メインのプロ5もこれまた大変良かったです。ここまで休んでいたホルントップのMyersさんも登場し、トランペットも非常に上手く、充実したブラスセクションは一抹のスキもありません。今日もバルコニー席で遠かったので弦はあまり届いてきませんでしたが、繊細な弱音は一昨日のマーラーよりもさらに際立っており、木管も揃って惚れ惚れするような艶やかな音色で、良いときのLSOと比較しても全く遜色ないハイレベルの演奏。影のあるゲルギーとはまた違う、ギルバートの明るく誠実な音楽作りも好感度高く、ストレートに心を打ちました。

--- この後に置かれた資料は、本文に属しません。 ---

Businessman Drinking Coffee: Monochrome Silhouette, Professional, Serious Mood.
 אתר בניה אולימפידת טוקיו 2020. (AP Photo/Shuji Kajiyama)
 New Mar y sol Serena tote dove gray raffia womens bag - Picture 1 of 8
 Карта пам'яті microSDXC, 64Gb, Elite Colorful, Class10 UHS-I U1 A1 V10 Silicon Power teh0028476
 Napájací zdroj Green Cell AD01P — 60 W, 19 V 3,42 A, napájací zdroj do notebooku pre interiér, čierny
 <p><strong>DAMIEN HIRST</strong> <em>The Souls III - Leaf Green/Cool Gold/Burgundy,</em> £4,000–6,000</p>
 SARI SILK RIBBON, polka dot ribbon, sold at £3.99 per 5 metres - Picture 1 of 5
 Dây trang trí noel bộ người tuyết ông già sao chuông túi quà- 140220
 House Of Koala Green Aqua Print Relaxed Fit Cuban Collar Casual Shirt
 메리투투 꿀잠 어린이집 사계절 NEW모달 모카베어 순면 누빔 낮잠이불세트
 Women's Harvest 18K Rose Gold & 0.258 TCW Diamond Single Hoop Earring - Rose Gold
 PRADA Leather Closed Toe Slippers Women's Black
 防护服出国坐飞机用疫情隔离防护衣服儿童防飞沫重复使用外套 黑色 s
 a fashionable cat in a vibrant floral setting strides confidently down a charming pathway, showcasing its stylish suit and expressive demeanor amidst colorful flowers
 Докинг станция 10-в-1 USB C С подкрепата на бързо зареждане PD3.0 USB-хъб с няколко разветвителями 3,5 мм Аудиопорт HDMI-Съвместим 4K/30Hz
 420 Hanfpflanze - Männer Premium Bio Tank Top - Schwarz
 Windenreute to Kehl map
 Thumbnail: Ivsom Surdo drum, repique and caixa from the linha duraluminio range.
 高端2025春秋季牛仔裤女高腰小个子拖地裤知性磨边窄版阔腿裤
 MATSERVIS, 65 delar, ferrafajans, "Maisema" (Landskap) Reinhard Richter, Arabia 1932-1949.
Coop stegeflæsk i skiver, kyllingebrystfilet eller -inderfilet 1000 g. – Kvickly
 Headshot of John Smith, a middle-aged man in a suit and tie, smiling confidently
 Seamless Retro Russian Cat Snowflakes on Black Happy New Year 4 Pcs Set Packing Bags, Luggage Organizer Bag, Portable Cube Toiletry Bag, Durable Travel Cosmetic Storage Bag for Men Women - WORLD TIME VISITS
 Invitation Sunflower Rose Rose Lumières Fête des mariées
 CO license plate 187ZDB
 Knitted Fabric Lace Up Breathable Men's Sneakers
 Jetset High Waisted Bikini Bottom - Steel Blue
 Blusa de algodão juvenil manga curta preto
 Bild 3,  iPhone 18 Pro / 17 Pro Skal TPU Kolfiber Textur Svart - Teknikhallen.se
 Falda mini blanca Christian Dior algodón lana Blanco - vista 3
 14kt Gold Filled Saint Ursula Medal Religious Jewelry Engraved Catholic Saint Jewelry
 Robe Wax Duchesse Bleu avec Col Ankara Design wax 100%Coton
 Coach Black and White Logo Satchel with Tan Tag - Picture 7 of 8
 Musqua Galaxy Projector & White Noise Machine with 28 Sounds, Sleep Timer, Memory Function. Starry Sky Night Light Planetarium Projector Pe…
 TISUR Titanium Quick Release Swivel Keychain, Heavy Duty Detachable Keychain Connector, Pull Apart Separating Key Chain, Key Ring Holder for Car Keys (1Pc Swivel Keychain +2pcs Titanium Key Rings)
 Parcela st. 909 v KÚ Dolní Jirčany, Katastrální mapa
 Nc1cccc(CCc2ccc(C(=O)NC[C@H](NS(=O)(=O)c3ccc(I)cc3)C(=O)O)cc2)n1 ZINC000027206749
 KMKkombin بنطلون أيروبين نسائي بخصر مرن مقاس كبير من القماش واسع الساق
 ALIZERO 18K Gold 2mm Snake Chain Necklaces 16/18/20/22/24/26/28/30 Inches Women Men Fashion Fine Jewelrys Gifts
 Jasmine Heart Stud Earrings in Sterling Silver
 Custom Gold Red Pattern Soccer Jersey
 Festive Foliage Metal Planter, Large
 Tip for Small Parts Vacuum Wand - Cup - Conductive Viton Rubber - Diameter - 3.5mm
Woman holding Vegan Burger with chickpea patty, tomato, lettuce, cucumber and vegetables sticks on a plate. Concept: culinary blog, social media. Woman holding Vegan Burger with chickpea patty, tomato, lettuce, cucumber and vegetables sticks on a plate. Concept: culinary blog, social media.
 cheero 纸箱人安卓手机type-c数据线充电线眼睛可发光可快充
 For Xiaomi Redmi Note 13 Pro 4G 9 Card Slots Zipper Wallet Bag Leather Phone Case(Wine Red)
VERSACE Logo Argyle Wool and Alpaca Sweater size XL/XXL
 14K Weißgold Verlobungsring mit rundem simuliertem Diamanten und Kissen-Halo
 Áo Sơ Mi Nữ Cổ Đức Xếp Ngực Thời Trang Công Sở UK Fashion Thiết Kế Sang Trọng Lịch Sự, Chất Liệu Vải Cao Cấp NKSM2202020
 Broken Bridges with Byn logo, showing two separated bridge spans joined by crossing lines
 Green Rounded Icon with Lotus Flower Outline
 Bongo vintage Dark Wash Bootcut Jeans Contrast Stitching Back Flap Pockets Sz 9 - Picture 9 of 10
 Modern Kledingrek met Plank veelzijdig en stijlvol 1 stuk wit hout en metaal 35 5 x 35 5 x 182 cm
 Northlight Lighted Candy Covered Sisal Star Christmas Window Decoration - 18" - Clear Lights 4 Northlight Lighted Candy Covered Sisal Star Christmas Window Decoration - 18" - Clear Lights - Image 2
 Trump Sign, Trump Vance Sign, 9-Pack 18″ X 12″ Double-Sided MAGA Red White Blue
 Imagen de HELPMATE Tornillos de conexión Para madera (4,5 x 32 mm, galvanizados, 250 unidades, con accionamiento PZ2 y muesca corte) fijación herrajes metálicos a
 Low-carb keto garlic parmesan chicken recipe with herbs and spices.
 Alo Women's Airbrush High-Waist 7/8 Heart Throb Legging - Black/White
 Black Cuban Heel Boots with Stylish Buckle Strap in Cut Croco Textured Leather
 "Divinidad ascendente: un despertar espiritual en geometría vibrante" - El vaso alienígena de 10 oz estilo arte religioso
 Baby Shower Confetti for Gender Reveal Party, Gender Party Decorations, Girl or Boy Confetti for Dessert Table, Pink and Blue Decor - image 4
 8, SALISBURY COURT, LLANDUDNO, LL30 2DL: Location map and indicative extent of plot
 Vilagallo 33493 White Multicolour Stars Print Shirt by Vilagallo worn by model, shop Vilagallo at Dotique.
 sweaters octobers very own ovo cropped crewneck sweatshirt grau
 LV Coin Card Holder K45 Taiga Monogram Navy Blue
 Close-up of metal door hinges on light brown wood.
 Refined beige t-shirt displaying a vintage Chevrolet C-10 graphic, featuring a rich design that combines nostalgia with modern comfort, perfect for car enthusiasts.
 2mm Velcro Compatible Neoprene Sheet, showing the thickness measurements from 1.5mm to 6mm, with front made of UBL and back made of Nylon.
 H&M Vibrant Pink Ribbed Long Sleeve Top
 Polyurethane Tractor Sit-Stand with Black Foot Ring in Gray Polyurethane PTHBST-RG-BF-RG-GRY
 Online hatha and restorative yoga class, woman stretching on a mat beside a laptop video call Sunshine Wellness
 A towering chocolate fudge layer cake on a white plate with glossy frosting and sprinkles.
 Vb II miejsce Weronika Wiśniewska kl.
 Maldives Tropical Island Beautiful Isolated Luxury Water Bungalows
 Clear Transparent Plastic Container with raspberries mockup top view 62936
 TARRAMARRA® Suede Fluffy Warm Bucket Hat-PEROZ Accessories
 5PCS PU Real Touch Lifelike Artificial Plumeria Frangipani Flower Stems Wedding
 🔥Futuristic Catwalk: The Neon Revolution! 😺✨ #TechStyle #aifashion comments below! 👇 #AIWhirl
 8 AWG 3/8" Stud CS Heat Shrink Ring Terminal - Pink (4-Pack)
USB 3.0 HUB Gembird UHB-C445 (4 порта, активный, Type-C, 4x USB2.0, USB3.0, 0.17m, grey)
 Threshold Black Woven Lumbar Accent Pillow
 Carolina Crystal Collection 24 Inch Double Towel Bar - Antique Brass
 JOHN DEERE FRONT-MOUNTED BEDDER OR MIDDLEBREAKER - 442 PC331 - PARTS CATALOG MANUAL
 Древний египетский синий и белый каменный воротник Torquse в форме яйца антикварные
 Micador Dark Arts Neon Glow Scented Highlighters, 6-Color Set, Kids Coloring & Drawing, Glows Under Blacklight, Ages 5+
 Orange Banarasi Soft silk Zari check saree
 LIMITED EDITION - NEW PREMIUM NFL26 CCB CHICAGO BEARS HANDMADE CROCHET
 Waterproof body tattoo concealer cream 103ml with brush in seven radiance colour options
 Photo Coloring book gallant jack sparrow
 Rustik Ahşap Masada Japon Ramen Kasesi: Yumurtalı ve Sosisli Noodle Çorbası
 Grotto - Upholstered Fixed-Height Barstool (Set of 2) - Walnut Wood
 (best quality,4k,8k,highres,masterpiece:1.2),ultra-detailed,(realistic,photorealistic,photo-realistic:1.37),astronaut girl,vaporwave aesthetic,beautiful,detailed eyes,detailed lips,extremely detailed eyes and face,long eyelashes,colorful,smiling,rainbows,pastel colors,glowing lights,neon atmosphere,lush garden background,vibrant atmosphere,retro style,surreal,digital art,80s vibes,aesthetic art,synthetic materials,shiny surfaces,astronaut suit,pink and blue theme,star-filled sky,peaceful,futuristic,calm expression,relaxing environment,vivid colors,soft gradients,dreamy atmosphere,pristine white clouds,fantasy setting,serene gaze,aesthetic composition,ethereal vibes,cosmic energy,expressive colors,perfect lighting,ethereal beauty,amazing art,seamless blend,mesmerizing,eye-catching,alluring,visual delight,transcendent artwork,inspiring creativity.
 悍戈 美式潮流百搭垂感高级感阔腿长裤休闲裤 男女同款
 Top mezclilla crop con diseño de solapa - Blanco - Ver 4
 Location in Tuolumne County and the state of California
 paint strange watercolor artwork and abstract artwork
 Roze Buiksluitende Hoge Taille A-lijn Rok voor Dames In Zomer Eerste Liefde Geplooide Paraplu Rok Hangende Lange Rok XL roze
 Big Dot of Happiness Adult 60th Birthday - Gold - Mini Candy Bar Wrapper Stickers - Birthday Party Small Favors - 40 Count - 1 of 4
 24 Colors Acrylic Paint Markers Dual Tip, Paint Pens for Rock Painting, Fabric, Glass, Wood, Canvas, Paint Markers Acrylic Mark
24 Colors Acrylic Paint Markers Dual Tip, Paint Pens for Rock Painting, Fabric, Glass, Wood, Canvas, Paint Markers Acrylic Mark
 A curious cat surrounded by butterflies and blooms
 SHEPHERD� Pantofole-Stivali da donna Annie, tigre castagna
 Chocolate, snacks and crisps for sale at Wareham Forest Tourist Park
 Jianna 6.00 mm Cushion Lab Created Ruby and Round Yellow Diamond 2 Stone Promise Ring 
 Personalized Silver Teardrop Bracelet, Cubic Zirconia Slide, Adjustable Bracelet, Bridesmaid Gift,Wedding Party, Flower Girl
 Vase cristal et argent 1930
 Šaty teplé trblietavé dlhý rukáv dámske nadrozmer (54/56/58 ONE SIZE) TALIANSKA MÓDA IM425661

アンコールは「キャンディード」序曲。これまたNYPのオハコで、中学生のころバーンスタイン指揮NYPの自作自演盤を飽きもせず熱狂的に繰り返し聴いていたのを思い出しました。私より若いギルバート氏(日本名はタケシだそうですね)、ネームバリューはまだまだなのでプレスに叩かれることも多々あるでしょうが、外野の雑音に惑わされずじっくりとキャリアを積んでいって欲しいと思います。